Si alguien pensaba que la “austeridad republicana” ya había recortado todo lo recortable, la Presidenta Claudia Sheinbaum acaba de demostrar que todavía hay cintura para meterle tijera al árbitro. Su nueva reforma electoral promete “racionalizar el gasto” del INE y “simplificar la representación”; traducción libre: menos dinero para los que no son Morena y más control del tablero desde Palacio Nacional.
El truco es elegante
Se eliminan los diputados plurinominales —esa odiada especie de políticos que llegaban por lista, no por voto—, pero no para devolverle poder al ciudadano, sino para rediseñar el juego a conveniencia del partido en el poder. Los “100 mejores segundos lugares” serán premiados con curul. ¿Y quién suele quedar en segundo lugar en la mayoría de los distritos? Exacto: los de Morena cuando no ganan el distrito. Democracia, pero con refil.
El resto —otros 100 diputados— se sacará de una “Lista Abierta No Bloqueada”, un nombre tan tecnocrático que casi oculta su simple objetivo: controlar las candidaturas desde los partidos grandes y reducir la posibilidad de que los pequeños sigan respirando. El Verde y el PT ya sienten el golpe: sin pluris, sin lana, sin oxígeno. Pero no te confundas, no es una traición, es una “reestructura estratégica del sistema partidista”, dicen los voceros del oficialismo con sonrisa de PowerPoint.
De paso, el gobierno propone bajarle 25 % al gasto electoral en todos los niveles, incluyendo al INE y a los órganos locales. “Eficiencia”, lo llaman; otros le dicen “ahorcamiento financiero”. Morena, claro, seguirá siendo el alumno consentido del presupuesto.

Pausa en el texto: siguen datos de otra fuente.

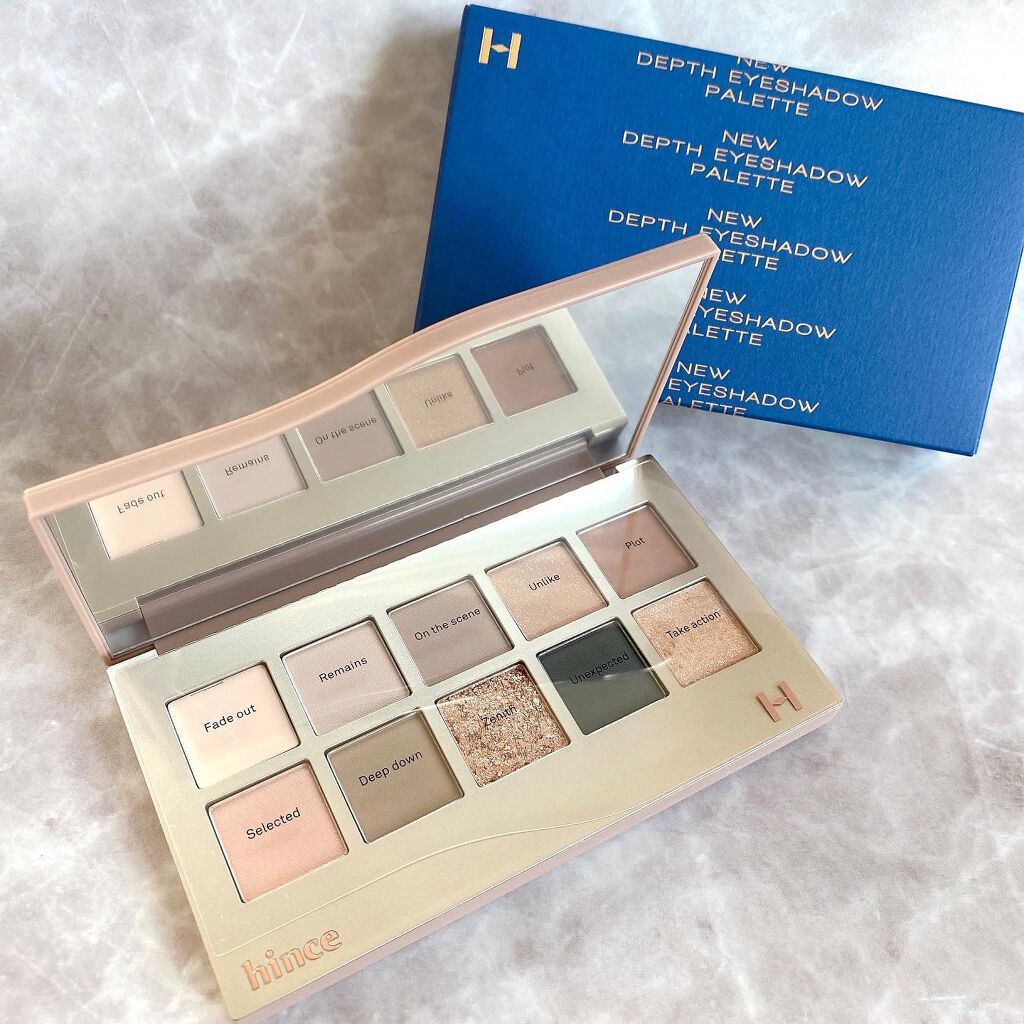 ニューデップスアイシャドウパレット/hince/アイシャドウパレットを使ったクチコミ(10枚目)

Y como cereza en el pastel de la democracia barata, el gobierno anuncia que los spots electorales en radio y TV se reducirán “de común acuerdo” con la Cámara de la Industria. Es decir, menos posibilidad de crítica, menos exposición del disenso y más tiempo aire para la versión oficial.
Por si algo faltara, también meterán mano en los sueldos de congresistas y regidores —porque nada dice “reforma democrática” como decidir cuánto puede ganar tu contrapeso político— y prometen impulsar la “democracia participativa”: las consultas populares, ese truco narrativo donde la ciudadanía “decide” lo que el gobierno ya había decidido desde antes.
En resumen: la reforma Sheinbaum no sólo busca adelgazar el gasto electoral, sino también adelgazar la pluralidad. Una cirugía estética a la democracia con el bisturí del oficialismo: menos gasto, menos oposición y, sobre todo, menos ruido. Lo que en Palacio llaman “modernización institucional”, los traductores honestos lo llamarían a secas “control político con ahorro certificado”.